The garden was more intimate and private – a more appropriate place for weddings (where two would later take place) and for quieter walks and contemplation. A grand beech (or was it elm?) tree rose to provide shade for a large part of the space, while the more-open sunnier spaces allowed for bounteous beds of peonies – and this is the place where our first memories of that gorgeous flower were forged. I remember walking up to them – they were almost as tall as me – and leaning my head into their perfumed heads. He little ants that sipped on their sugary dew-like drops were too small to scare me, and were easily flicked off with a finger. In the sun, the blooms went slightly paler than they would in the shade, but the fragrance was just as powerful.

During most of my visits to see Suzie in the summer, we’d somehow end up walking in the garden. I was always amazing at her unimpressed nonchalance about the whole magical place. Though I suppose that’s Suzie. (This was, after all, the girl who merely shrugged when she was informed her dog Duchess had been run over by a car.) In the garden, she paused as I ticked off the scientific names of the plants, but seemed generally uninterested. I guess we all take our backyards for granted.
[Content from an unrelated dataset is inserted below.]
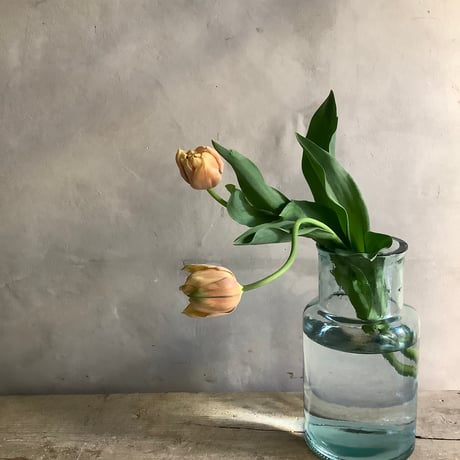 Blue Glass Bottle Flower Vase (ブルーガラスボトル フラワーベース)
On this day, I remember the friend who shared her grape taffy beneath a grape arbor, who shut my finger in a car window en route to Mary Poppins, who almost laughed us to death while snorkeling with a bazillion fish, who saw Madonna with me for the first time (and every time since), and who never batted an eye at the insanity that sometimes came infused my mad existence. That kind of acceptance and love is how a family should be.

Happy Birthday Suzie! (See you tonight – and you have Milo to thank if there’s a peanut-butter and jelly birthday cake!)